Neural Audio Codec

This is a basic neural audio codec implementation using a convolutional encoder and decoder, along with a quantizer. The encoder compresses raw audio into a low-dimensional latent vector. A simple scalar quantizer then rounds the values to discrete levels, simulating bitrate compression. The decoder reconstructs the waveform from the quantized latent representation.

After building the convolutional encoder and decoder networks, a single-function training process (dummy, around 100 steps) is used to minimize the reconstruction loss between the input and output. Neural audio codecs are especially useful for streaming low-bitrate audio while preserving high quality.
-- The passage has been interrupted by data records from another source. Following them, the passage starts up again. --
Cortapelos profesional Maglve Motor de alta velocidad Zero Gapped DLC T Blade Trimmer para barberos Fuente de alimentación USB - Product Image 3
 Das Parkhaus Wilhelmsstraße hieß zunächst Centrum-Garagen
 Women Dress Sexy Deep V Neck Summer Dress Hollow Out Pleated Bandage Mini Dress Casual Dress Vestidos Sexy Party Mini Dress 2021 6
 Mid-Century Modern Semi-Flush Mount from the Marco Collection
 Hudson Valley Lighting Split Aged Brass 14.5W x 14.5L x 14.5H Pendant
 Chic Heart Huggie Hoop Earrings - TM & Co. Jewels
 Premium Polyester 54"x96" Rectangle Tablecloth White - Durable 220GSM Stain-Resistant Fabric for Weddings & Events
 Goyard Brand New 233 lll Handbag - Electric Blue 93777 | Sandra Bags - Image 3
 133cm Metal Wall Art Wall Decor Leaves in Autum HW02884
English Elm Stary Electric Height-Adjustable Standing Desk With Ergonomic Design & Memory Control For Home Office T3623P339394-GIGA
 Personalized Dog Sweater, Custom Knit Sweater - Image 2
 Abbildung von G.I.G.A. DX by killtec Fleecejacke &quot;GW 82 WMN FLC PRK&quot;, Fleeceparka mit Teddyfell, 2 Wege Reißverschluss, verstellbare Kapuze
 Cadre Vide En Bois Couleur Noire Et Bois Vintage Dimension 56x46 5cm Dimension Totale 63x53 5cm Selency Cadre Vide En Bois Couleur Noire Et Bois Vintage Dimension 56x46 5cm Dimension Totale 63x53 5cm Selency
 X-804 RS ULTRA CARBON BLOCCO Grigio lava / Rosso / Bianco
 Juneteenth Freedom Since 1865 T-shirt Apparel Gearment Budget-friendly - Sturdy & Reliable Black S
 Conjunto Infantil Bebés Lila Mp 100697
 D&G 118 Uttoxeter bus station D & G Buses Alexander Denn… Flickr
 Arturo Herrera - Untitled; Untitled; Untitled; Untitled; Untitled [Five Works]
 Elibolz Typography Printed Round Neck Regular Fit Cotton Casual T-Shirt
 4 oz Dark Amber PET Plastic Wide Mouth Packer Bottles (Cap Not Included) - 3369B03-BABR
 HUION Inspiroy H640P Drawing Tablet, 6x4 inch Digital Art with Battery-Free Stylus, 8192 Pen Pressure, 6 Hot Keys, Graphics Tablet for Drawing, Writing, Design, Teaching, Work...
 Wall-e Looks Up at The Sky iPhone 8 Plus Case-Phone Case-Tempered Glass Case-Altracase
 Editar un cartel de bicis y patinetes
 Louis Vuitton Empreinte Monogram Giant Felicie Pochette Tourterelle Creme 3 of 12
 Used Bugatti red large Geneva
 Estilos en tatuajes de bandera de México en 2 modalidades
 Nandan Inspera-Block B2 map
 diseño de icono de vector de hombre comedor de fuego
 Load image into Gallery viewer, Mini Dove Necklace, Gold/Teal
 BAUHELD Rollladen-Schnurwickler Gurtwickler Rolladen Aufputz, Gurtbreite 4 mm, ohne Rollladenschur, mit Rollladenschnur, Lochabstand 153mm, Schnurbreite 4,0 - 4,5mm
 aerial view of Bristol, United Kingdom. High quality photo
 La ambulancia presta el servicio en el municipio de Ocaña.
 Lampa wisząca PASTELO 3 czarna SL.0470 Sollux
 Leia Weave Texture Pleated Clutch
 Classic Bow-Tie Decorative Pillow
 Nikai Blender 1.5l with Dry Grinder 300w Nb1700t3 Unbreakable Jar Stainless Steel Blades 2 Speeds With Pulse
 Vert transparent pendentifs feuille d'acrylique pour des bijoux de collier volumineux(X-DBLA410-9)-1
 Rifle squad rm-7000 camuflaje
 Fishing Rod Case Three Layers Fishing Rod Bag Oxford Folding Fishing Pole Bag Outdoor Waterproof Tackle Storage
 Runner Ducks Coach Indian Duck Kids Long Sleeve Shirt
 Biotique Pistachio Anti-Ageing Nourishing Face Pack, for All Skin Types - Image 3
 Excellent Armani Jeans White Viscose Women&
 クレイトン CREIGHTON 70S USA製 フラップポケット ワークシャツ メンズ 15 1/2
You’ll see the training process along with a plot comparing input and output waveforms. Finally, reconstructed audio file will be written to disk. You can experiment with the latent space dimension and encoder-decoder parameters. Note that the quantizer is a basic rounding function; it can be replaced with a more advanced version to improve results.

import torch
import torch.nn as nn
import torchaudio
import matplotlib.pyplot as plt

# --- Encoder ---
def build_encoder(latent_dim):
    return nn.Sequential(
        nn.Conv1d(1, 16, 3, stride=2, padding=1),
        nn.ReLU(),
        nn.Conv1d(16, 32, 3, stride=2, padding=1),
        nn.ReLU(),
        nn.Conv1d(32, latent_dim, 3, stride=2, padding=1)
    )

# --- Decoder ---
def build_decoder(latent_dim):
    return nn.Sequential(
        nn.ConvTranspose1d(latent_dim, 32, 4, stride=2, padding=1),
        nn.ReLU(),
        nn.ConvTranspose1d(32, 16, 4, stride=2, padding=1),
        nn.ReLU(),
        nn.ConvTranspose1d(16, 1, 4, stride=2, padding=1),
        nn.Tanh()
    )

# --- Quantizer (Basic Rounding Quantizer) ---
def quantize(tensor, levels=256):
    tensor = torch.clamp(tensor, -1.0, 1.0)
    step = 2.0 / levels
    return torch.round((tensor + 1.0) / step) * step - 1.0

# --- Forward through Codec ---
def forward_codec(x, encoder, decoder):
    z = encoder(x)
    z_q = quantize(z)
    return decoder(z_q)

# --- Training step ---
def train_step(x, encoder, decoder, optimizer):
    encoder.train()
    decoder.train()
    optimizer.zero_grad()
    x_hat = forward_codec(x, encoder, decoder)
    loss = nn.MSELoss()(x_hat, x)
    loss.backward()
    optimizer.step()
    return loss.item()

# --- Main ---
if __name__ == "__main__":

    # Load input wav
    input_path = "Yourfile.wav"
    waveform, sample_rate = torchaudio.load(input_path)
    waveform = waveform.mean(dim=0, keepdim=True)  # mono
    waveform = waveform[:, :sample_rate * 3]  # max 3 seconds
    waveform = waveform.unsqueeze(0)  # batch size 1

    # Normalize
    waveform = waveform / waveform.abs().max()

    latent_dim = 64
    encoder = build_encoder(latent_dim)
    decoder = build_decoder(latent_dim)
    optimizer = torch.optim.Adam(list(encoder.parameters()) + list(decoder.parameters()), lr=1e-3)

    # Dummy training loop
    for step in range(1, 101):
        loss = train_step(waveform, encoder, decoder, optimizer)
        if step % 10 == 0:
            print(f"Step {step:03d}, Loss: {loss:.6f}")

    # Inference
    encoder.eval()
    decoder.eval()
    with torch.no_grad():
        reconstructed = forward_codec(waveform, encoder, decoder)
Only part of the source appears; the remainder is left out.